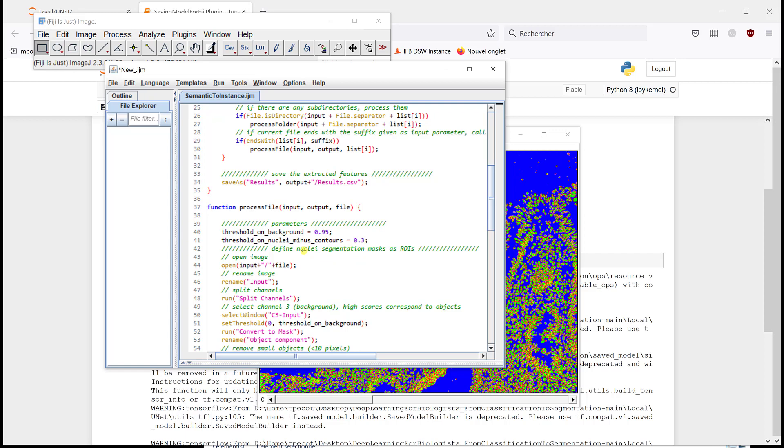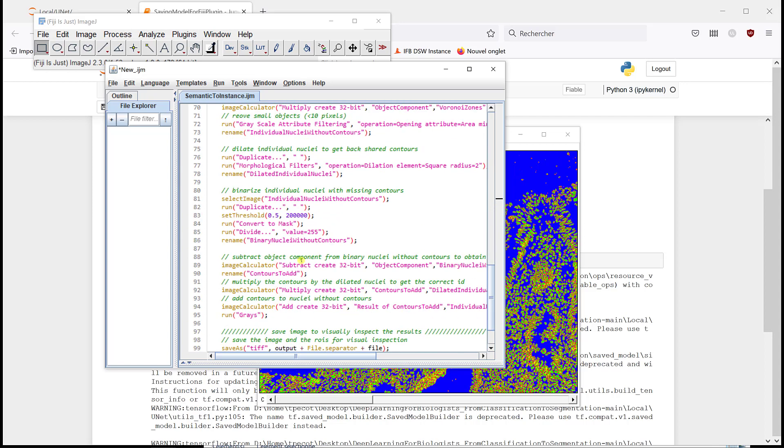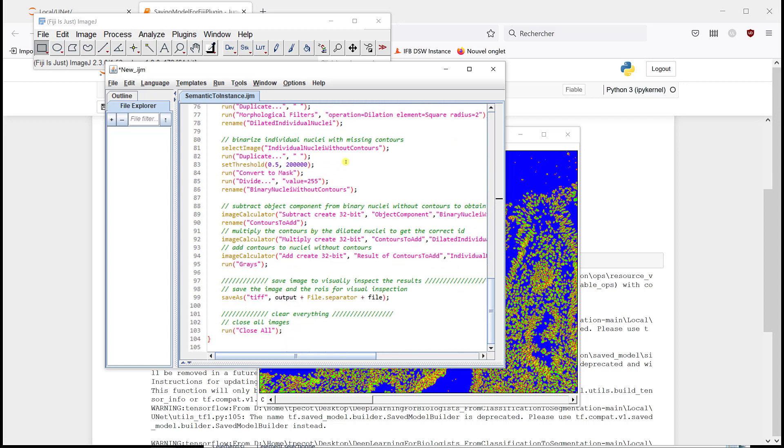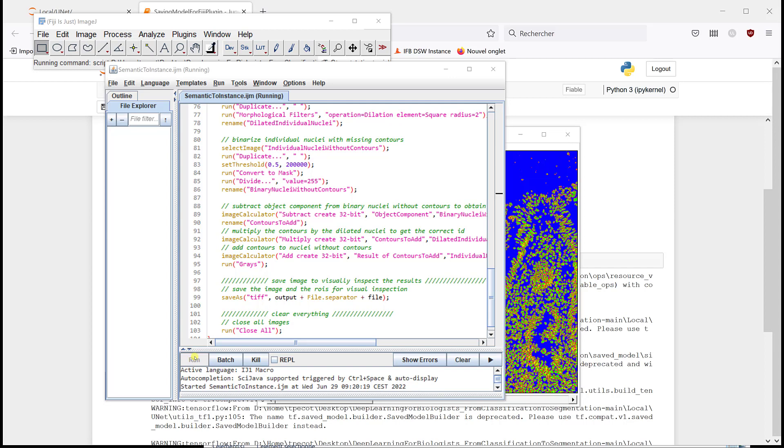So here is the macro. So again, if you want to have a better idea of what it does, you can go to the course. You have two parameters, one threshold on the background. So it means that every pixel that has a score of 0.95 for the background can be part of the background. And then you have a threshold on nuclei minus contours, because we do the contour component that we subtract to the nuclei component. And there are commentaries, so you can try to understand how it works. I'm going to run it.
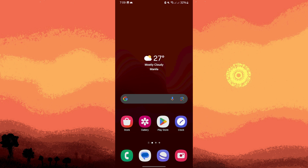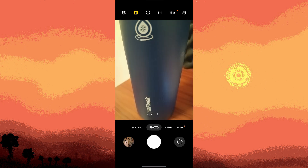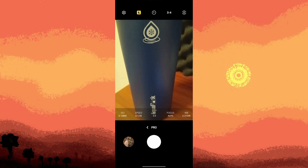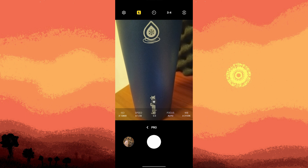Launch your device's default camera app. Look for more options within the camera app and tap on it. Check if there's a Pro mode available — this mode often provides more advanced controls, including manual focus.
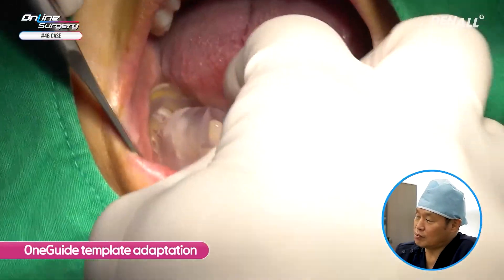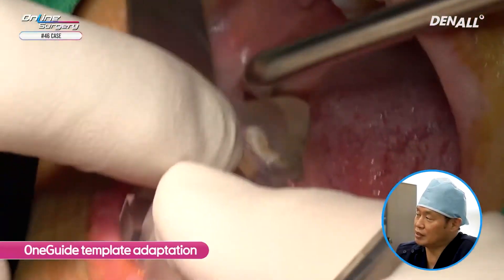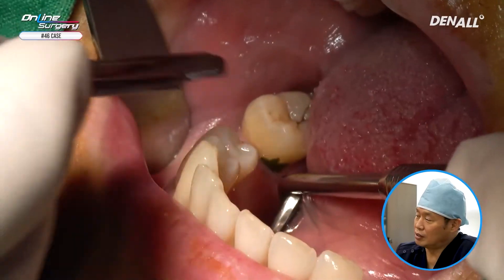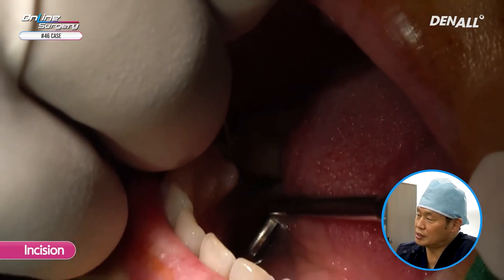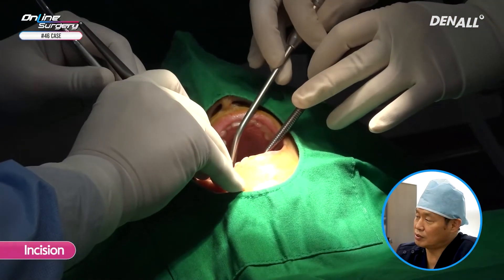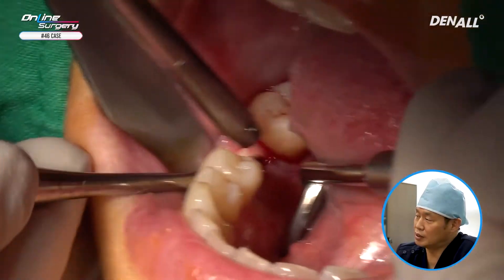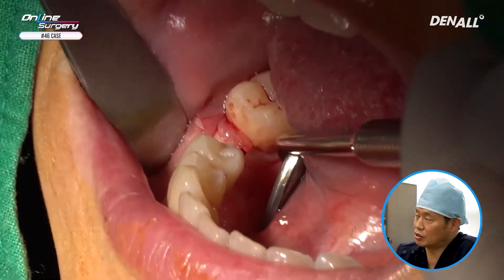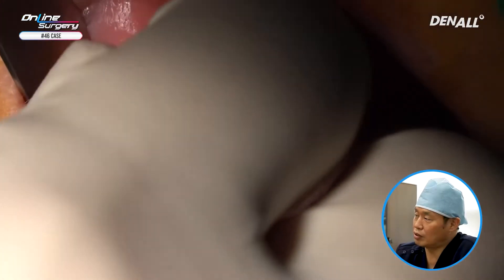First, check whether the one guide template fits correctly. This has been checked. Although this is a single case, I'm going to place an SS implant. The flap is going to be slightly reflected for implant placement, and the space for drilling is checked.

====================

### EXERCISE DESCRIPTION
Print the material above once more, exactly, minus the pictures.

### EXERCISE SOLUTION
So here is the macro. So again, if you want to have a better idea of what it does, you can go to the course. You have two parameters, one threshold on the background. So it means that every pixel that has a score of 0.95 for the background can be part of the background. And then you have a threshold on nuclei minus contours, because we do the contour component that we subtract to the nuclei component. And there are commentaries, so you can try to understand how it works. I'm going to run it.
Launch your device's default camera app. Look for more options within the camera app and tap on it. Check if there's a Pro mode available — this mode often provides more advanced controls, including manual focus.
First, check whether the one guide template fits correctly. This has been checked. Although this is a single case, I'm going to place an SS implant. The flap is going to be slightly reflected for implant placement, and the space for drilling is checked.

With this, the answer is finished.